MarathonLabs / marathon

Cross-platform test runner
https://docs.marathonlabs.io
GNU General Public License v2.0
579 stars 121 forks source link

How can I re-run a test until failure? #360

Closed ZakTaccardi closed 3 years ago

ZakTaccardi commented 4 years ago

I would like to execute a test up to X times

Count sharding almost works for this, except if a test passes 7/8 times, the gradle task to execute it actually succeeds. I would like the gradle task to fail immediately once a test fails.

https://malinskiy.github.io/marathon/doc/options.html#count-sharding

Ultimately, I'm trying to create an API like:

./gradlew :lib:marathonDebugAndroidTest -PmarathonClass=MainFragmentTest -PmarathonMethod=test -PmarathonTimesToRetryUntilFailure=30

The idea being I could test MainFragmentTest#test up to 30 times to check for flakiness. Once the failure occurs - display the report.

Malinskiy commented 4 years ago

@ZakTaccardi you can use the strictMode. By default it's false but if set to true it will retry the test until either failure of all the retries are finished. Please see #196 and use search next time :) This is also in the docs here

ZakTaccardi commented 4 years ago

@Malinskiy so this actually doesn't quite work for my use case.
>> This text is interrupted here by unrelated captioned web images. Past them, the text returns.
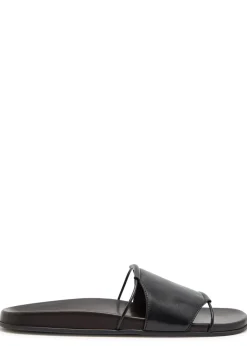 Vivienne leather sliders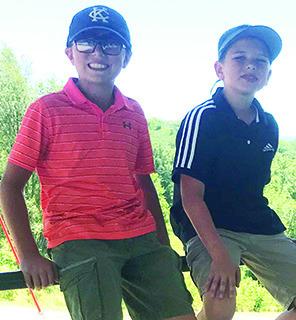 Kasen Sallee and Trevor Lacen finished 10th and 11th in the boys 11-12 year-old age group in the Coffeyville Junior Golf Tournament, Thursday. The Columbus Junior Golf Program ended their season with the SEK Junior League and are planning an Adult/Youth Tournament in August at the Columbus Brush Creek Golf Course. Courtesy photo.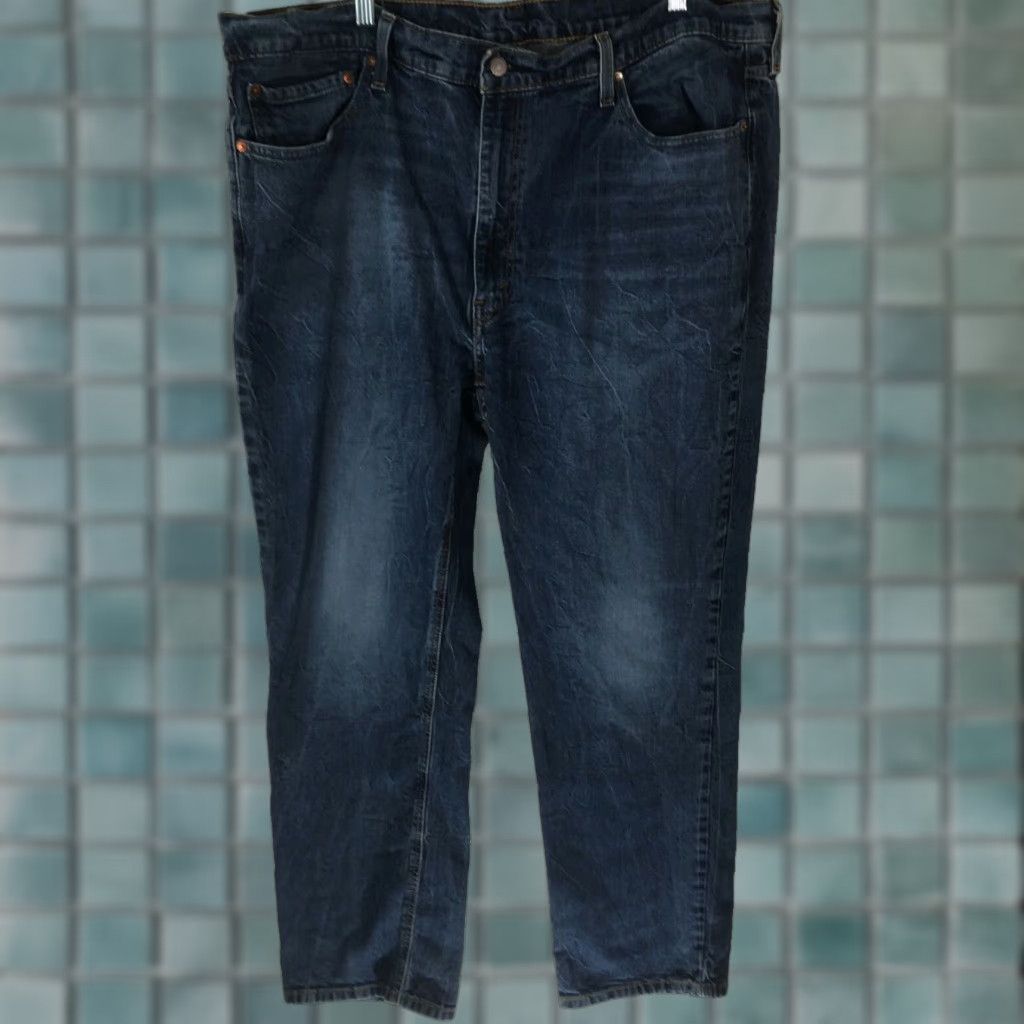 Levi's Levi's 541 Men's Jeans Regular Fit Straight Leg Blue Denim Size 42 x 32 Size US 42 / EU 58 - 1 Thumbnail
I want to fail the build immediately once a test failure occurs.

shardingStrategy {
  countSharding {
    count = 5
  }
}
strictMode = true

Expected: run 1: PASS run 2: PASS run 3: FAIL build ends immediately with failure. dev can view marathon report which includes:

Actual: run 1: PASS run 2: PASS run 3: FAIL run 4: PASS run 5: PASS builds ends with failure. marathon report:

ZakTaccardi commented 4 years ago

To address this, maybe strictMode should have 3 total variations:

probably could name it better than "run all tests" though. Maybe if it were represented like this:

sealed class StrictMode {
  data class On(failFast: Boolean = false): StrictMode()
  object Off : StrictMode()
}
Malinskiy commented 4 years ago

If the test fails then all of it's retries are not gonna be attempted by default. If I understand your use-case correctly, you want marathon to execute tests A,B,C and if even one of them will fail cancel everything and return.

This will produce skewed statistical probabilities in the metrics (same as in #329): the precision for tests will be different because some of these tests were executed more and some of them - just until the first fail. This will result in higher-than-actual probability of passing. This will hence produce flakier builds because marathon will not be able to correctly predict the number of preventative retries.

This contradicts our vision for performance and stability of test execution.

ZakTaccardi commented 4 years ago

If I understand your use-case correctly, you want marathon to execute tests A,B,C and if even one of them will fail cancel everything and return.

I actually want marathon to execute Test A 5 times, but fail test execution immediately once the first failure occurs.

This contradicts our vision for performance and stability of test execution.

This wouldn't be the type of code you run in CI - this is something you would execute locally. Statistics like a test being flaky 3% of the time isn't relevant for this use case. This is about the ability to investigate and fix flakiness once it has been identified. I find having (and being able to reproduce locally) a marathon report for a test where flakiness has occurred is very useful. This allows me to look at the logs of the failure to troubleshoot the issue.

The below is the custom CLI API I'm trying to build to make troubleshooting a specific flaky test possible.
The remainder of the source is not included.